■ The data:
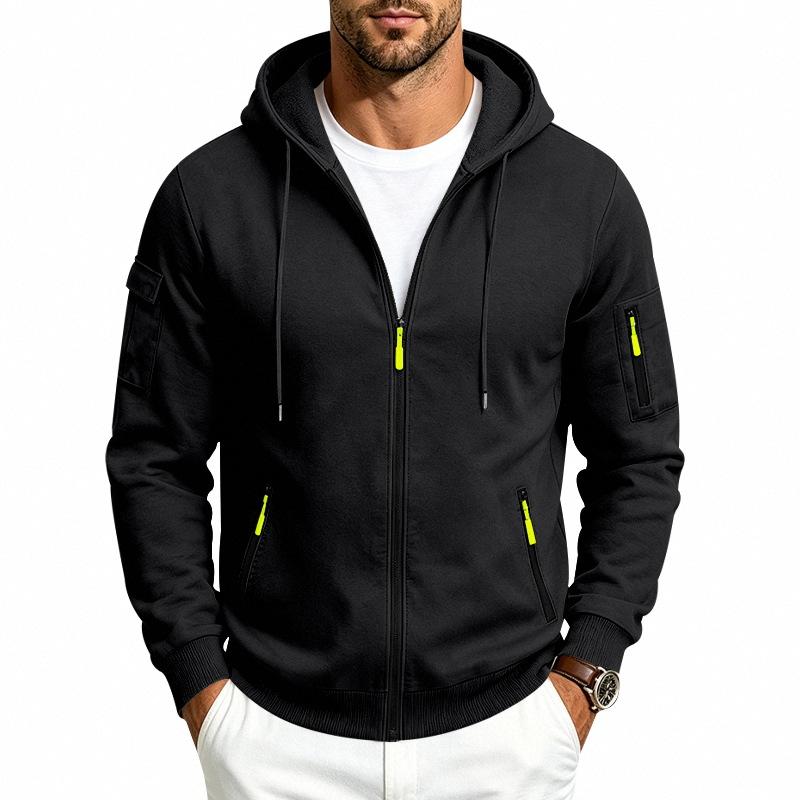 Men's Solid Zip‑Up Hooded Sweatshirt Casual Drawstring Hoodie Jacket Long Sleeve Arm Pocket Sports Outerwear for Male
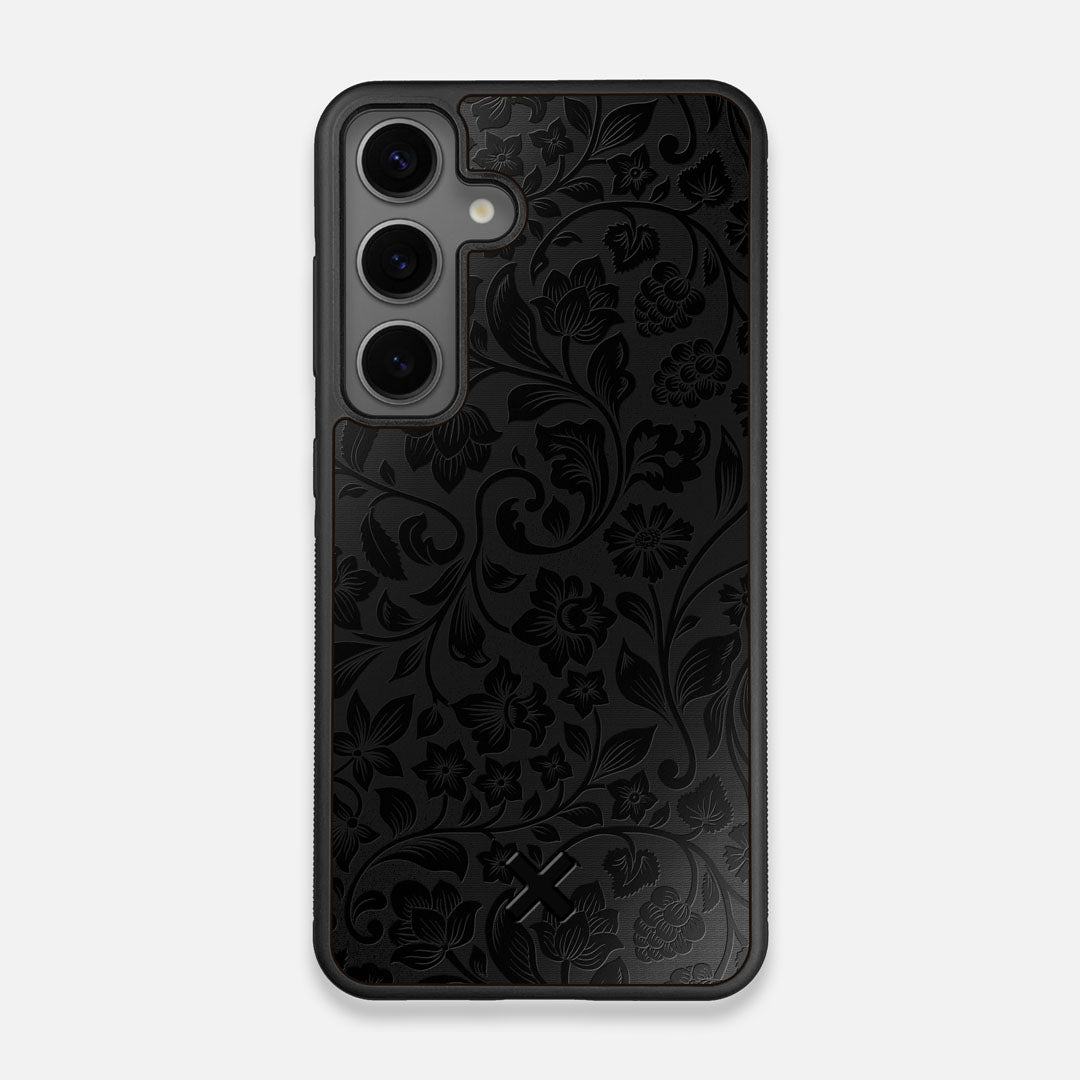 Front view of the highly detailed midnight floral engraving on matte black impact acrylic Galaxy S25 Case by Keyway Designs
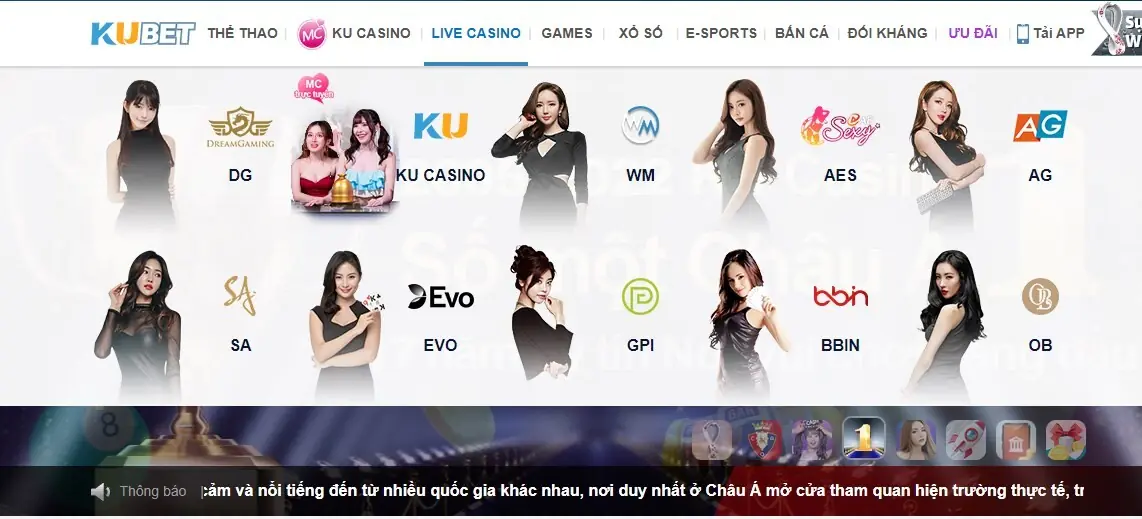 Sảnh live casino Kubet với các nhà cung cấp và dealer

■ About this task: Leaving every image behind, repeat the data in full and exactly.

■ Answer section:
 Men's Solid Zip‑Up Hooded Sweatshirt Casual Drawstring Hoodie Jacket Long Sleeve Arm Pocket Sports Outerwear for Male
 Front view of the highly detailed midnight floral engraving on matte black impact acrylic Galaxy S25 Case by Keyway Designs
 Sảnh live casino Kubet với các nhà cung cấp và dealer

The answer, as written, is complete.